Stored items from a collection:
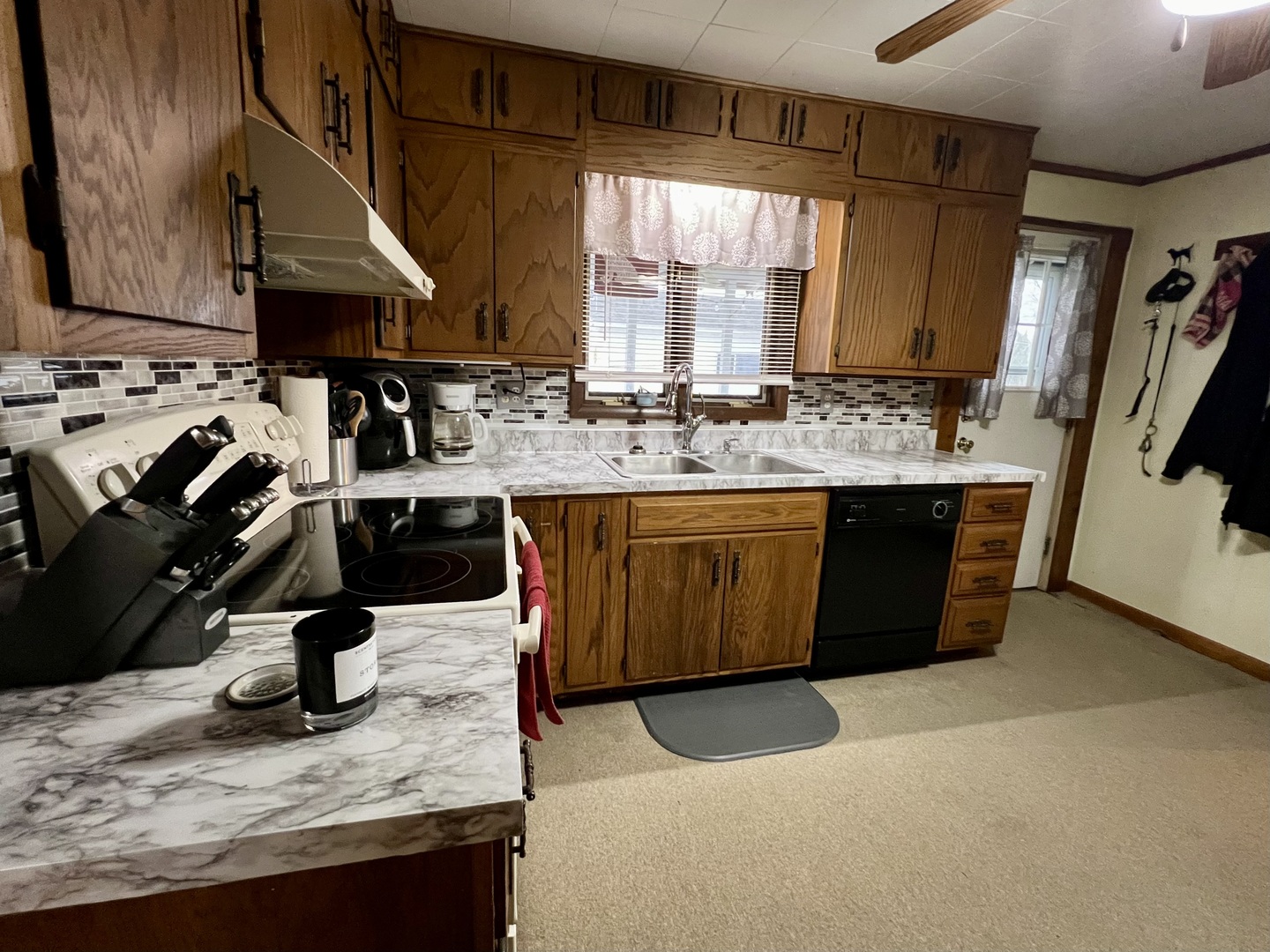302 Dickson Street Sidell, IL 61876 - Photo 15 of 37 Gallery Image 15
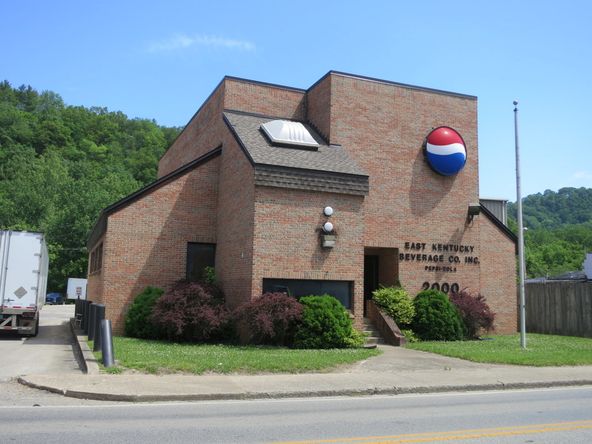 Commercial Buildings & Land: 2000 North Main Street, Hazard, KY 41701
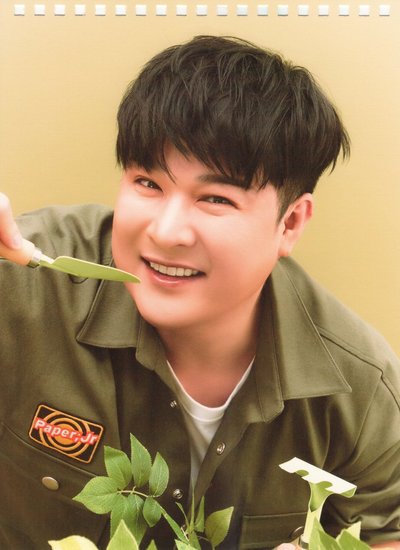 全新SUPER JUNIOR 2024 SEASON’S GREETINGS桌曆  內含各月份成員照片、筆記本/日記本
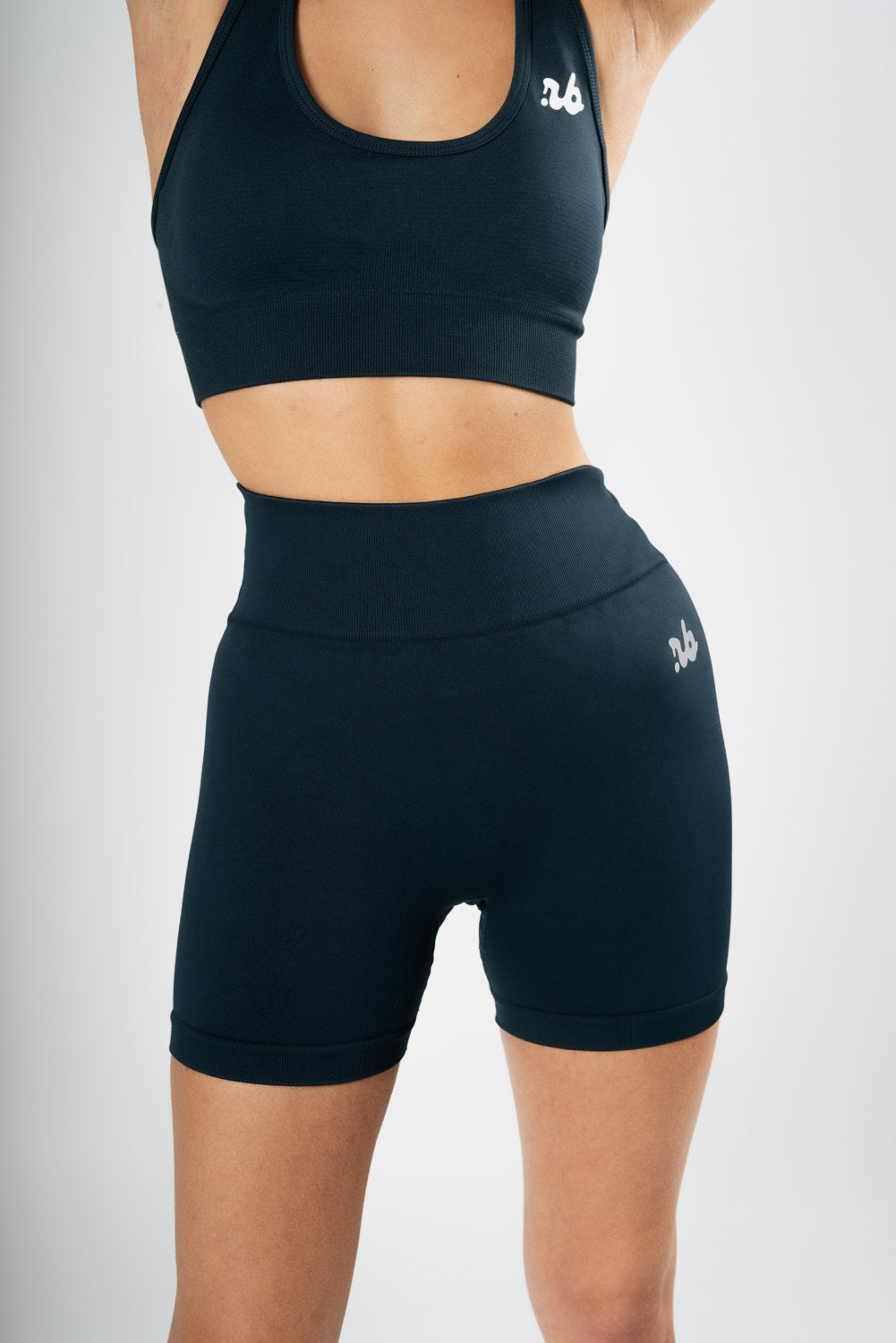 Daily Set Blue-Green – Detail Sport-BH und Scrunch Shorts in Blau-Grün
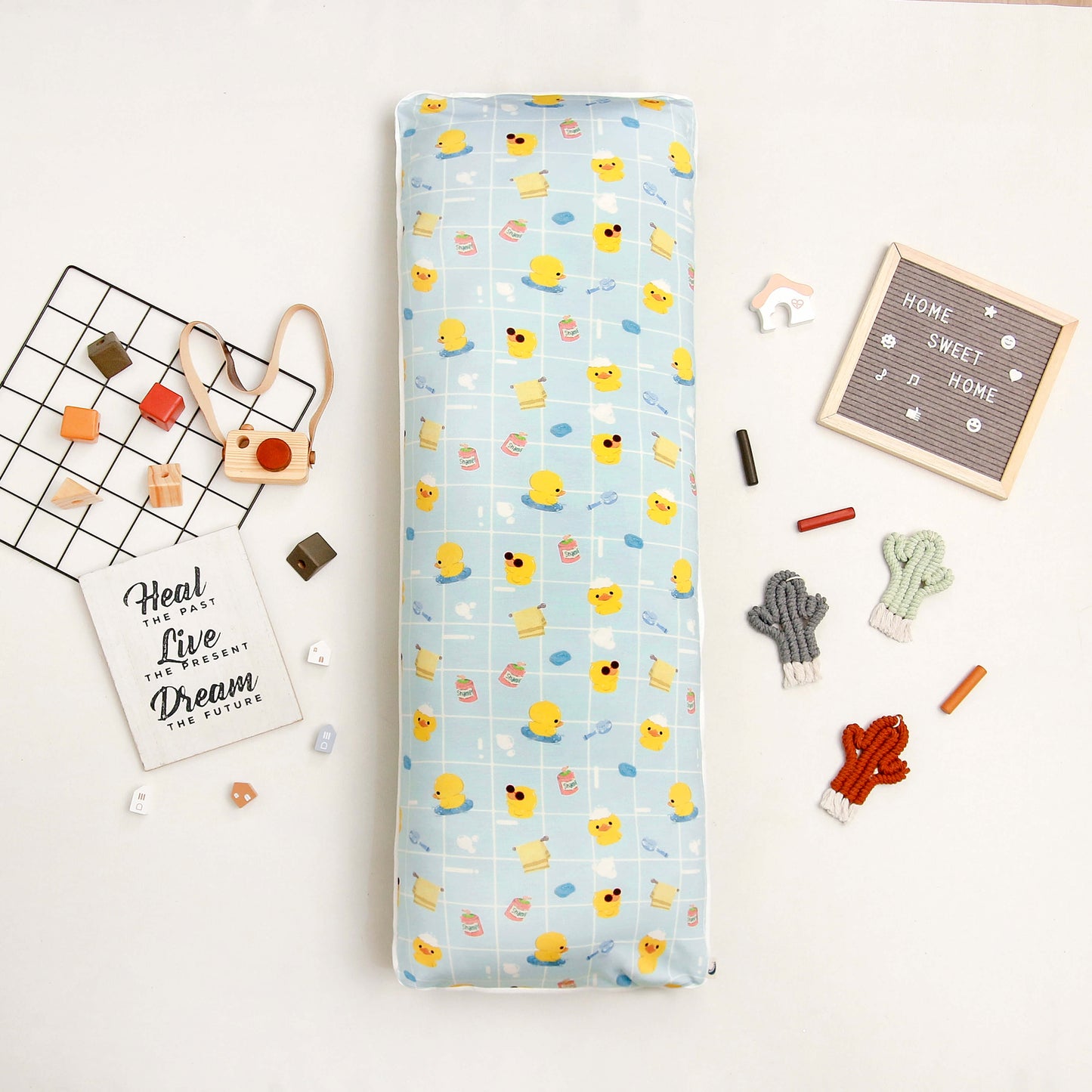 Bathing duck bolster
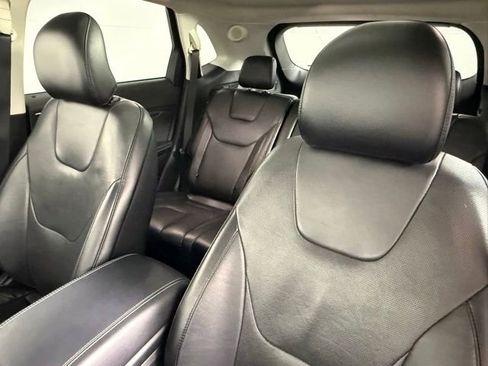 Used 2019 Ford Edge Titanium w/ Equipment Group 301A FWD image 33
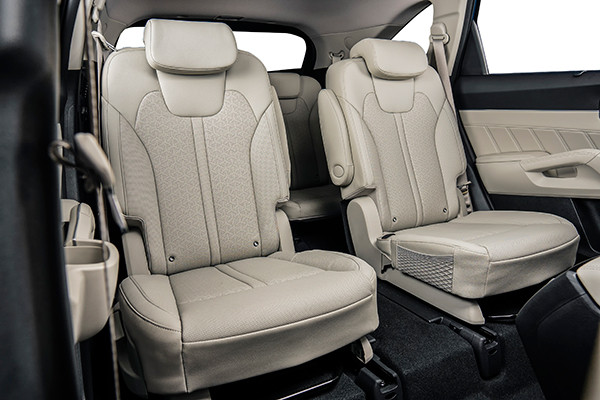 Các trang bị và tiện nghi khác của xe như cửa sổ trời toàn cảnh Panorama, phanh tay điện tử, hệ thống ghi nhớ vị trí ghế thông minh, rèm cửa phía sau, cảnh báo còn hành khách hàng ghế sau khi khóa cửa, các cổng USB tới từng vị trí ghế…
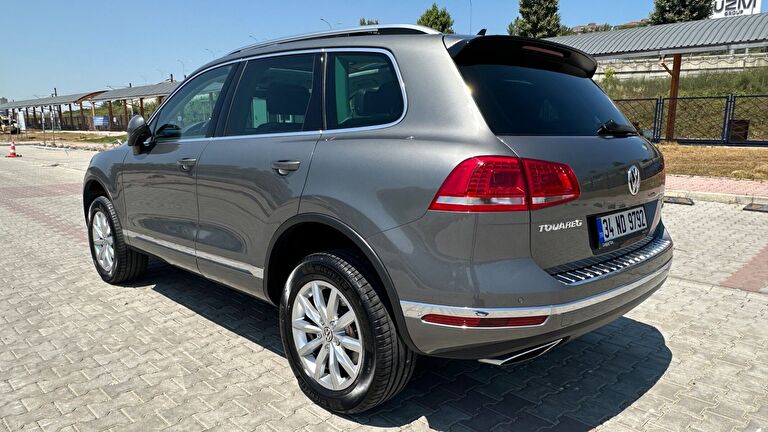 VOLKSWAGEN TOUAREG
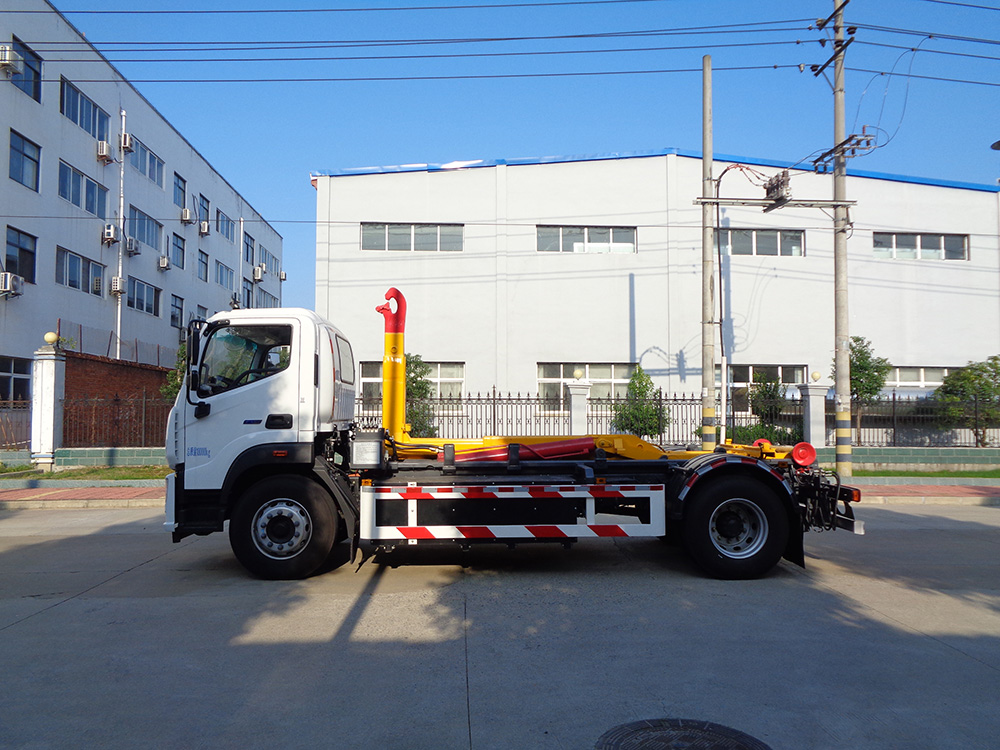 XZL5184ZXXBEV純電動(dòng)車(chē)廂可卸式垃圾車(chē)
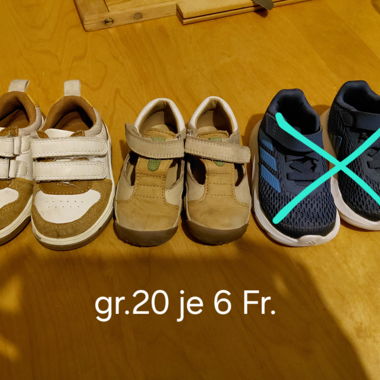 2 paia di scarpe per bambini taglia 20
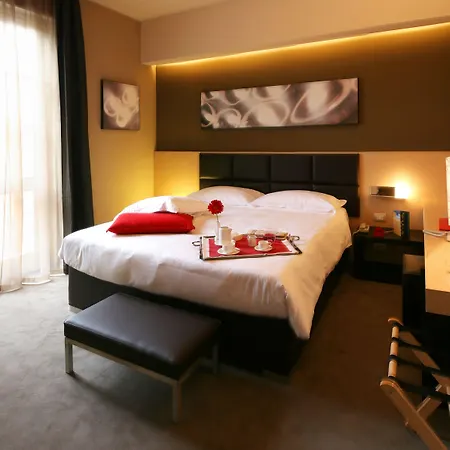 Unahotels Dei Platani 4* Foligno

Task instructions: From the line containing "Used 2019 Ford" through the last line of the data above, write out every line word for word, and nothing else. Do not include the pictures.

Exercise result:
 Used 2019 Ford Edge Titanium w/ Equipment Group 301A FWD image 33
 Các trang bị và tiện nghi khác của xe như cửa sổ trời toàn cảnh Panorama, phanh tay điện tử, hệ thống ghi nhớ vị trí ghế thông minh, rèm cửa phía sau, cảnh báo còn hành khách hàng ghế sau khi khóa cửa, các cổng USB tới từng vị trí ghế…
 VOLKSWAGEN TOUAREG
 XZL5184ZXXBEV純電動(dòng)車(chē)廂可卸式垃圾車(chē)
 2 paia di scarpe per bambini taglia 20
 Unahotels Dei Platani 4* Foligno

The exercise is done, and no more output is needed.